• INFORMATION:
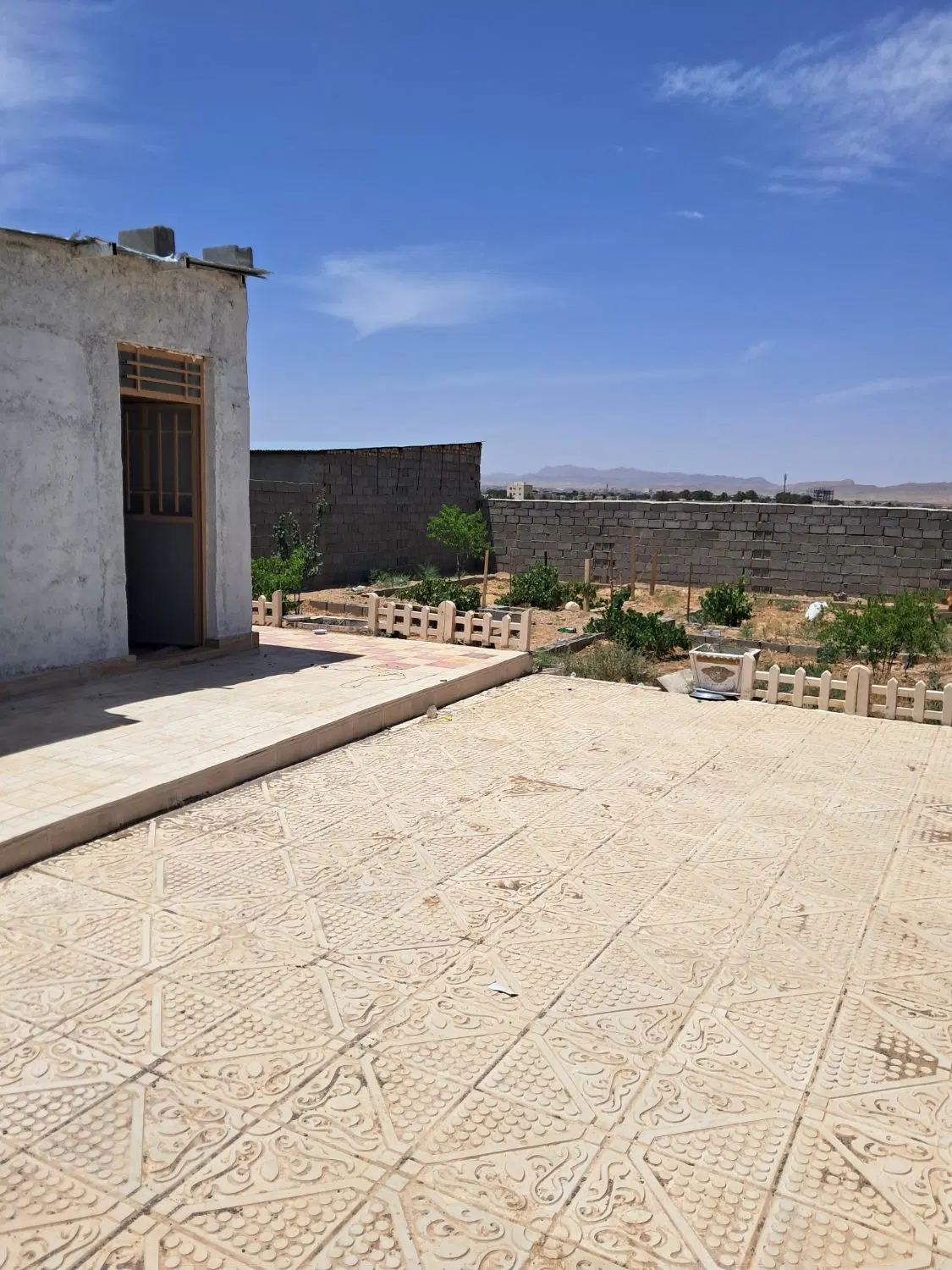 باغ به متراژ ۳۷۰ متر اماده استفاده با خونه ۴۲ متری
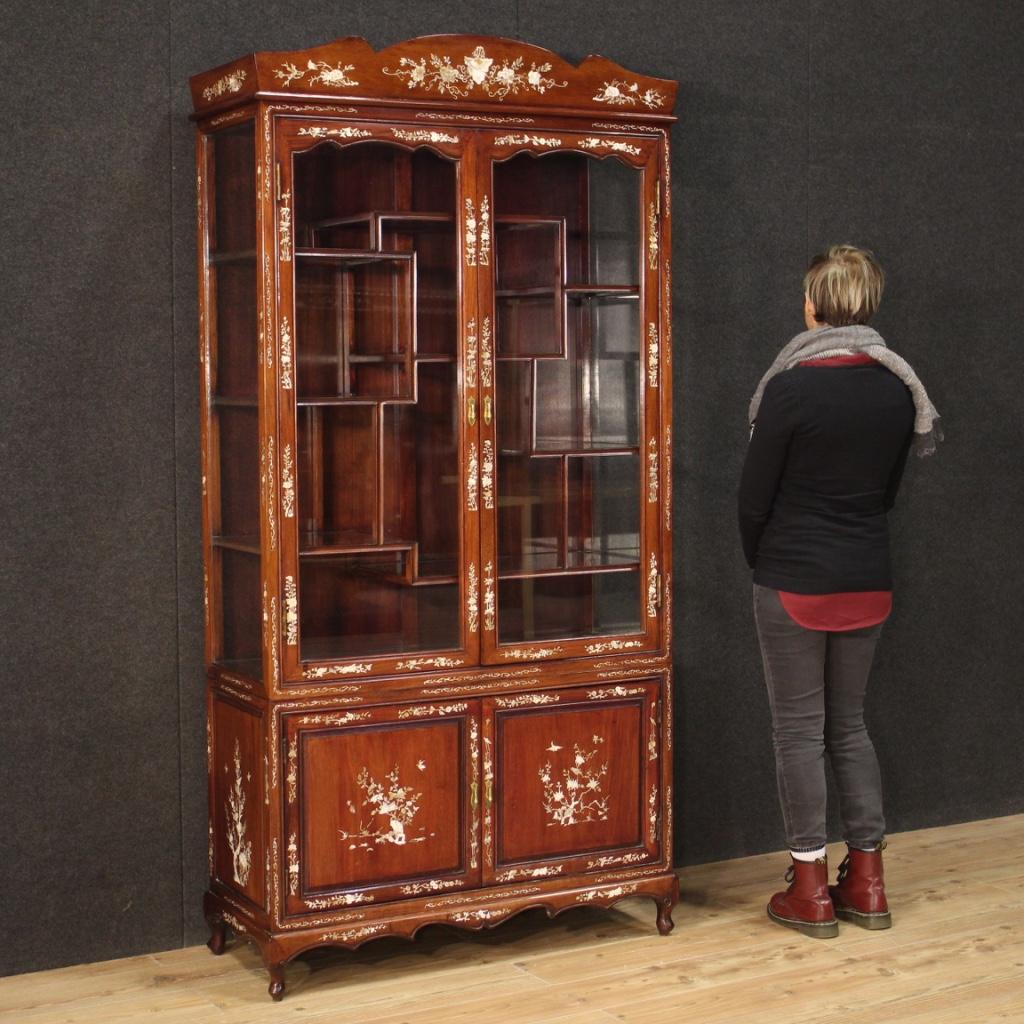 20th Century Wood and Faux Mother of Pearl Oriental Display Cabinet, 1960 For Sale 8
--
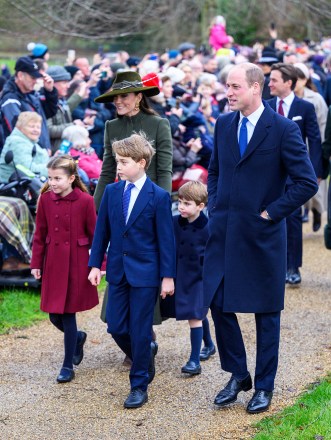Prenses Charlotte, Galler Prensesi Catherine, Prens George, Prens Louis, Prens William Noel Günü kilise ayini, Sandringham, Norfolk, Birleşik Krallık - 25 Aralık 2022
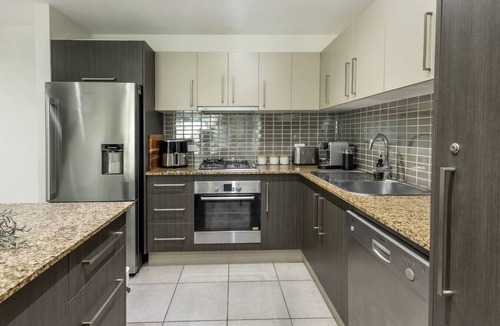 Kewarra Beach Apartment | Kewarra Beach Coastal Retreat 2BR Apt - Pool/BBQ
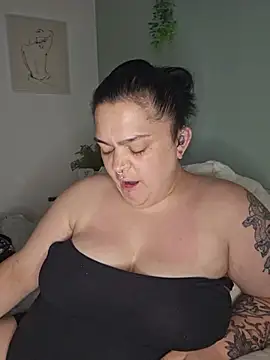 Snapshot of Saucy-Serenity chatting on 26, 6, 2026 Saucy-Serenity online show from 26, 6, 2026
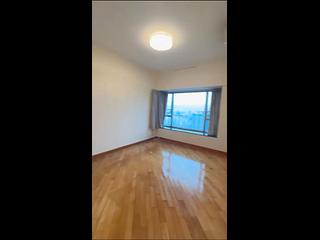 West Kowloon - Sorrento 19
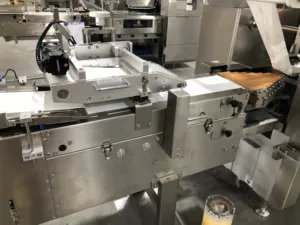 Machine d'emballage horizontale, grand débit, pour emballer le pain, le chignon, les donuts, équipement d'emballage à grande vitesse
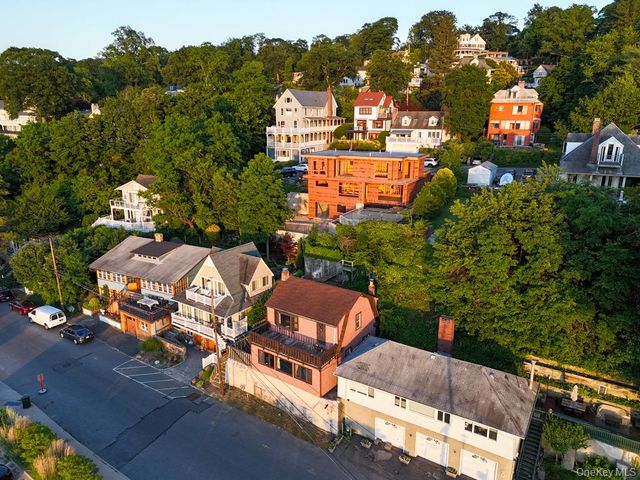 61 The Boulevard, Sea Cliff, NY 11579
==
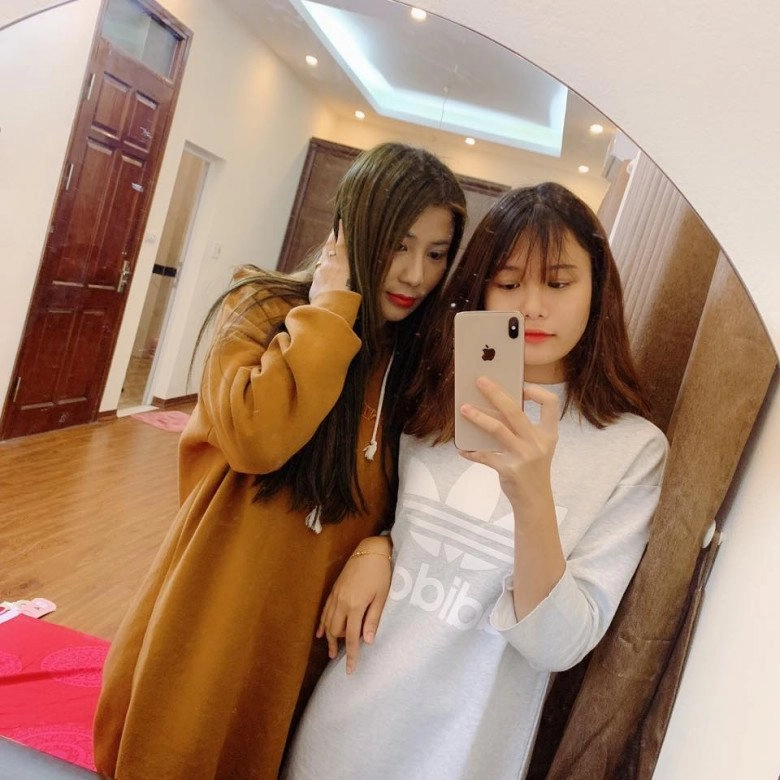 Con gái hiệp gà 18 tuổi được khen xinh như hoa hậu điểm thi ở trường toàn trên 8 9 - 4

• WORK TO BE COMPLETED: From the line containing "Kewarra Beach Apartment" through the line containing "61 The Boulevard, Sea Cliff, NY 11579", copy every line above exactly, without pictures.

• REPLY TO THE TASK:
 Kewarra Beach Apartment | Kewarra Beach Coastal Retreat 2BR Apt - Pool/BBQ
 Snapshot of Saucy-Serenity chatting on 26, 6, 2026 Saucy-Serenity online show from 26, 6, 2026
 West Kowloon - Sorrento 19
 Machine d'emballage horizontale, grand débit, pour emballer le pain, le chignon, les donuts, équipement d'emballage à grande vitesse
 61 The Boulevard, Sea Cliff, NY 11579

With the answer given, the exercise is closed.